It's not excusable, but it is at last explicable. I discovered the fire bucket was full of pamphlets from those weird political parties you hear about but don't-quite-believe-in. With names like "Campaign for a cleaner britain". One of the leaflets was about "Overcrowded UK". You don't get things like this in the city - but in the countryside (which is bloody empty) these parties are everywhere. My mother doesn't actually read them (her glaucoma is so advanced she no longer reads), but, as she's lighting the fire with the damn things, she glances at the headlines and it confirms Her Worst Suspicions about the world.

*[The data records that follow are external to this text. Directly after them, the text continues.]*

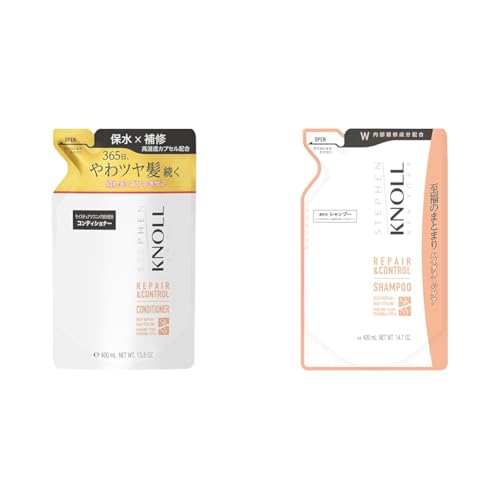 STEPHEN KNOLL yZbgzyARg[ RfBVi[&Vv[ lߑւ 400ml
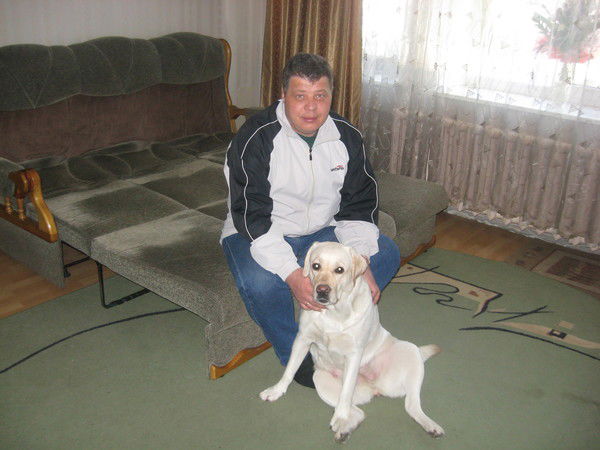 Сергей Семенов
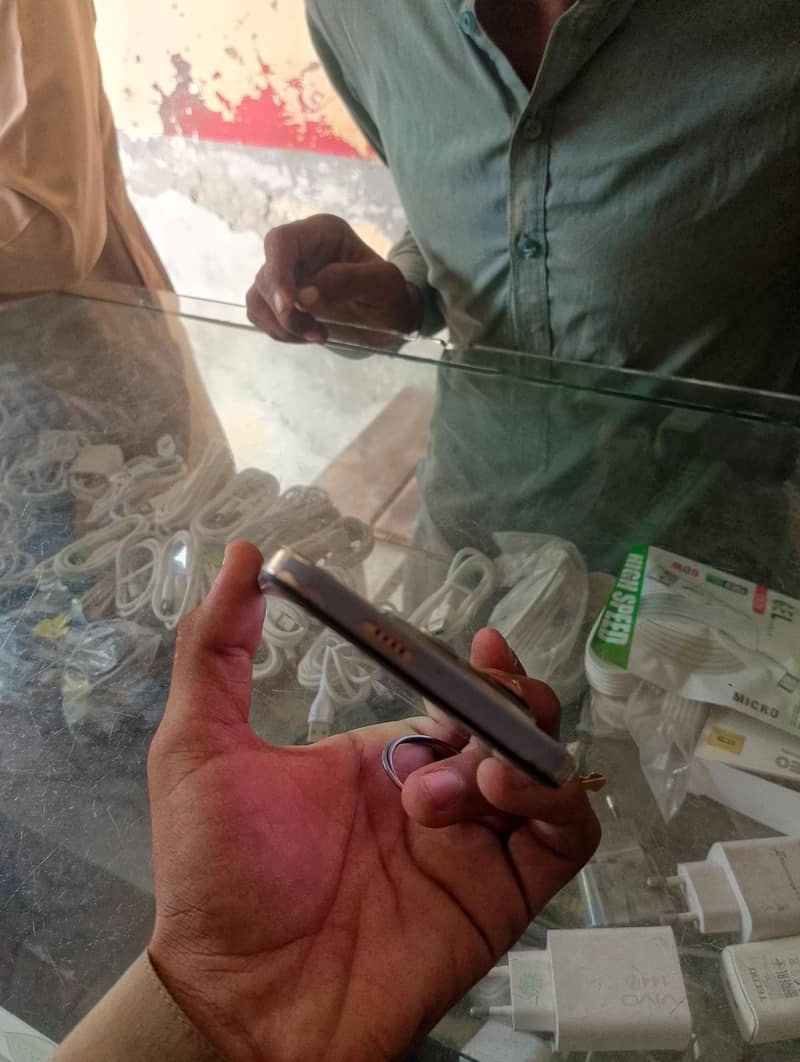 Tecno SPARK 30 Pro 1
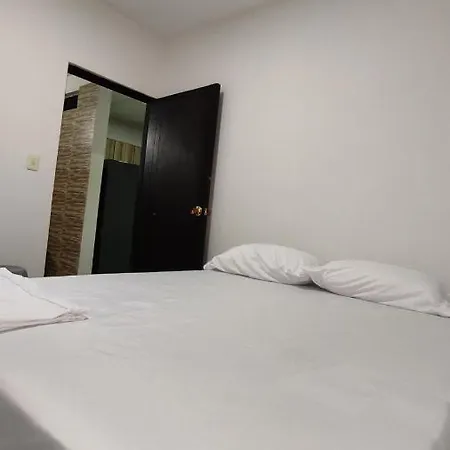 Santys House Melgar Apartamento Amoblado Para 6 Personas Exterior photo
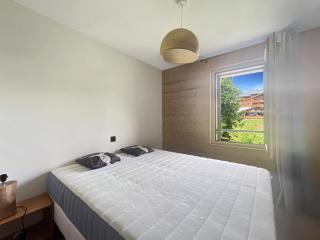 DBA202 - Appartement standing 4-5 pers - 5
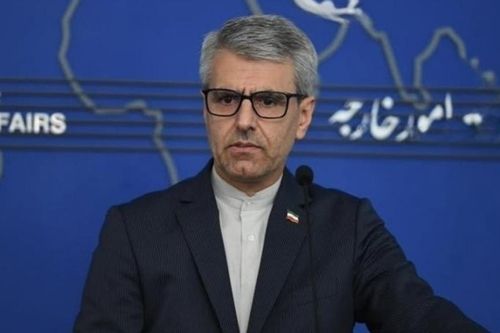Iran khẳng định việc tấn công Vùng Vịnh là tự vệ, phủ nhận tiến hành cuộc tập kích UAE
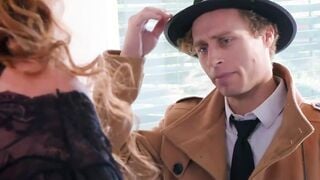 BDSM Confidential Movie With Michael Vegas, Lauren Phillips - Brazzers Official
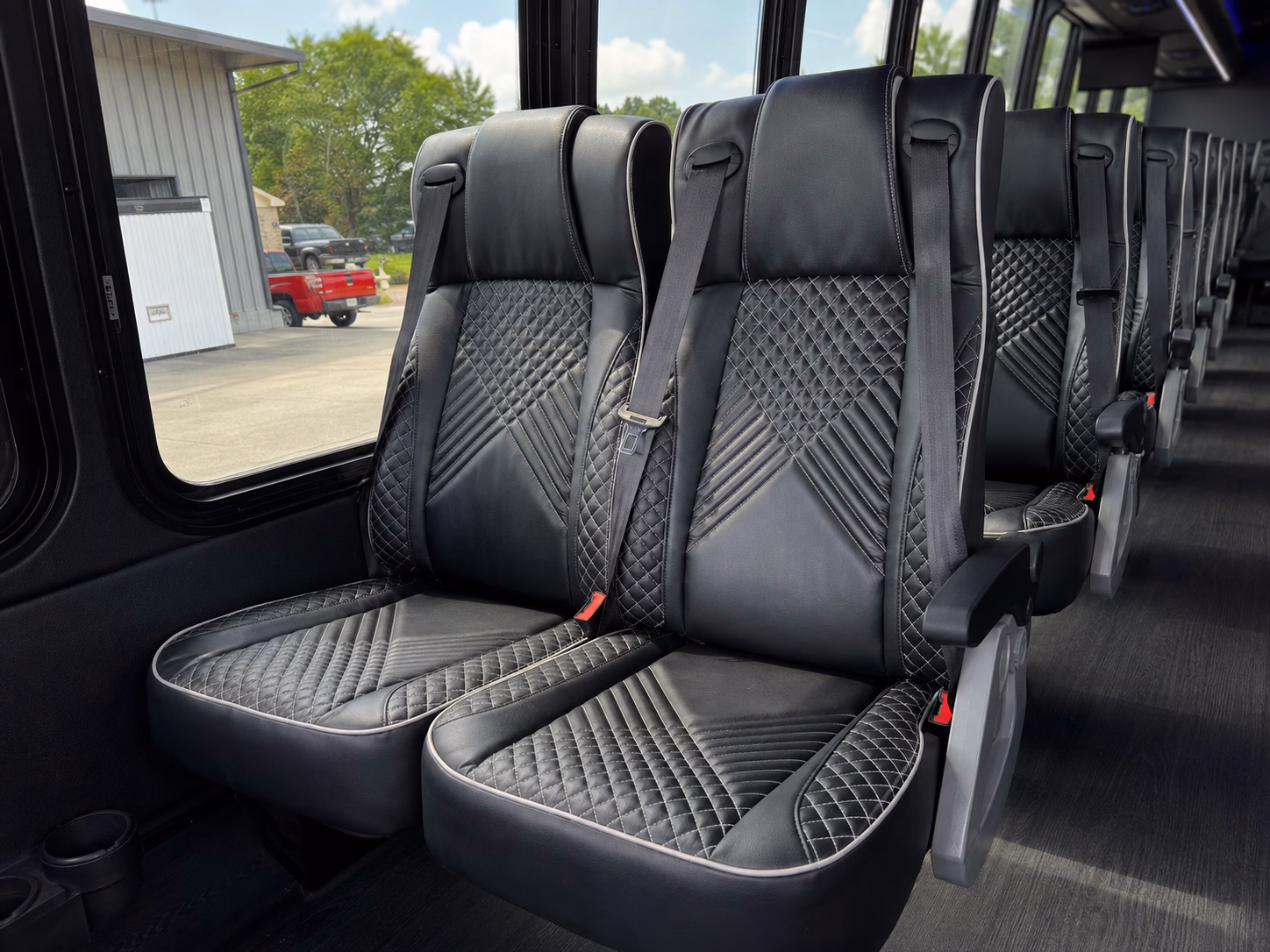 corporate wine tour shuttle service from new brunswick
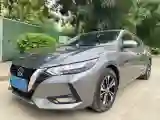 2022 Nissan Sylphy 1.6L 135HP L4 CVT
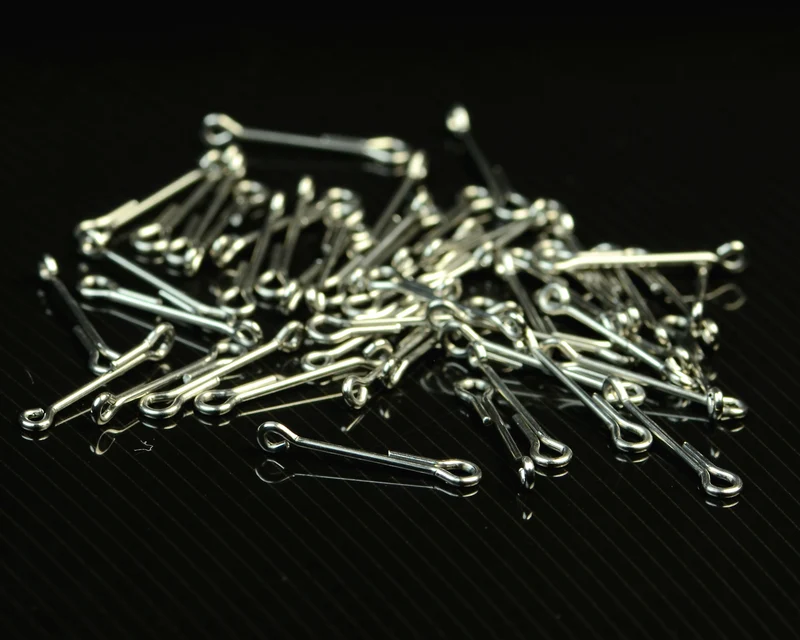 Spawn Articulated Shanks - 20er-Packung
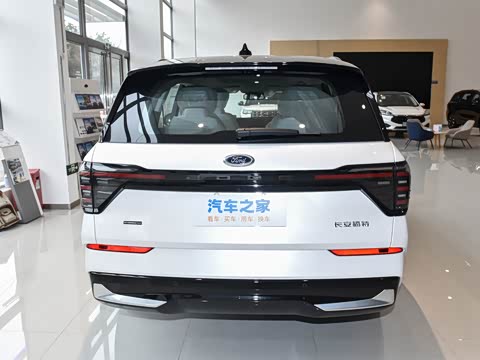 2026�� ���L 2.0T EcoBoost E�춯���������콢��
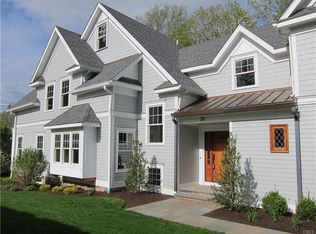 25 Barry Ave, Ridgefield, CT 06877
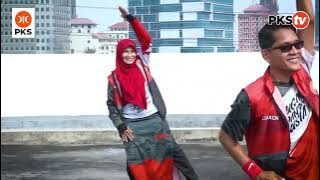 SENAM PKS NUSANTARA DAN SENAM GO PKS GO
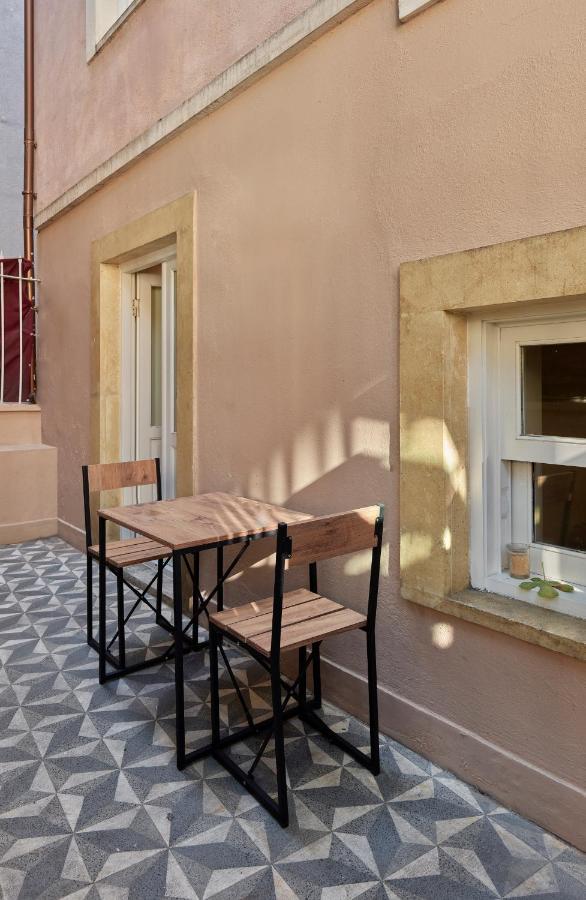 Apartment Be Mate Casa Di Bava *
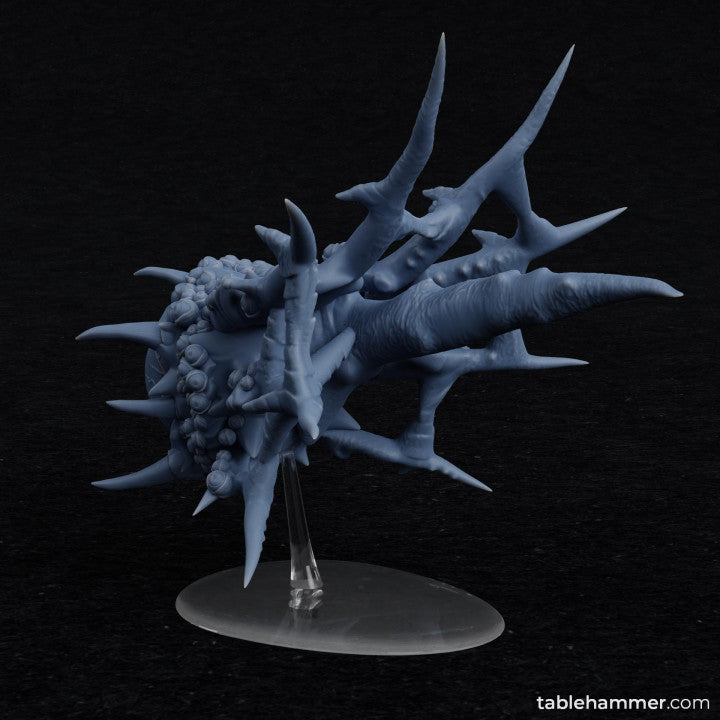 Watcher of the Void (Beholder of the nether) | STL Files - Tablehammer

While it's rather wonderful here, it's odd like that. There's a sign on the local charity shop which says "YOUR HOSPICE - YOU'LL BE SURPRISED" which sums it up, really. After a week here, I've started doing the "country laugh" where you'll finish a sentence ("It's warm today, isn't it?") with a little jovial chuckle. This lovely little town is full of people greeting each other with the country laugh ("Musn't grumble - hee hee hee") and pottering about like Second Victims on an ITV3 show. I'm watching a lot of ITV3. That and property shows.

I do rather love it here. But I'd also quite like... yes, I'd very much like to go home soon. Still, mustn't grumble, eh? ha ha.